Ryan O'Donnell and Beth Wilmurt (Photo by: Jessica Palopoli)

Beautifully directed by choreographer Erika Chong Shuch, God's Ear takes off on a rapid-fire ride through every cliché our society has developed so that people can rely on euphemisms instead of dealing with the cold hard truth. Sometimes her riffs have a hip-hop rhythm. At other times they feel like arias of linguistic pus oozing from a freshly-lanced boil. In one of her frustrated outbursts, the confused but determined Mel insists:
"And we'll cross that bridge.
And bridge that gap.
And bear that cross.
And cross that T.
And part that sea.
And act that part.
And turn that leaf.
And turn that cheek...."
Beth Wilmurt as Mel (Photo by: Pak Han)

As Schwartz explains:
"I am always thinking about the chasm between what we are thinking and feeling, and what we are able and willing to express through words. Along these lines, I'm endlessly fascinated with our unavoidable reliance on cliché as well as our unconscious adherence to socially prescribed modes of behavior. I'm interested in the way we express ourselves using regurgitated and borrowed language, both privately and publicly. On the one hand, I find our use of cliché sad, annoying, and infuriating while. on the other hand, I see tremendous beauty and hilarity in this strange shared language that we pass on and on and on.

With God's Ear, I wanted to deal with the subjects of grief and estrangement in a way that felt honest and emotionally connected; the barrage of language that makes up the play is fueled by and grounded in the characters' emotions and intentions. Mel experiences a great deal of fury as she expresses her feelings and experiences through language and finds herself with no other vehicle than cliché.

Although the play's plot and language -- as well as some of its characters -- are absurd and not realistic, the actors have absolutely approached their characters and the text in ways that are real and connected while attending to the text's strict rhythm and musicality. While I am incredibly exacting and precise with regard to the sounds of the words, I leave the play's physical world entirely up to the director and designers."
Lisa Clark's wonderfully inventive set (which uses every part of the Ashby Stage's free space) reminds me of an attraction I used to enjoy at George C. Tilyou's famed Steeplechase Park in Coney Island. Ticketholders would climb a flight of stairs to a platform where they could make their way down a giant slide. They landed on a surface that contained a series of rotating turntables. The challenge was for them to make their way across multiple spinning surfaces to the ride's exit. Many quickly fell down. Most crawled to the exit on their hands and knees. According to Coney Island Dreams:
"Steeplechase installed a number of devices designed to give patrons the opportunity to play the fool. In addition to its various rides, Steeplechase provided 'stunts' designed to catch people off guard. Visitors entering the park from the ocean side had to pass through the 'Barrel of Fun,' a huge, slowly revolving cylinder which frequently rolled patrons off their feet and brought strangers into sudden, intimate contact.

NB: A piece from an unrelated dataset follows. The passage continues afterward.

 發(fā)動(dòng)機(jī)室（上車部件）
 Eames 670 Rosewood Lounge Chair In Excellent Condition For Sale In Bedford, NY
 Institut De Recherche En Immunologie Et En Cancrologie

Instead of games of competitive skill, which demanded self-control, Steeplechase emphasized games of theatricality and of vertigo, which encouraged participants to shed self-consciousness and surrender to a spirit of reckless, exuberant play. The 'Wedding Ring,' a great wooden circle suspended from a center pole, applied the principle of a playground swing to a ride that accommodated up to seventy customers at once. Similarly, the human 'Roulette Wheel,' which like a gigantic toy delighted both riders and spectators, set passengers whirling and sprawling out from its center by centrifugal force.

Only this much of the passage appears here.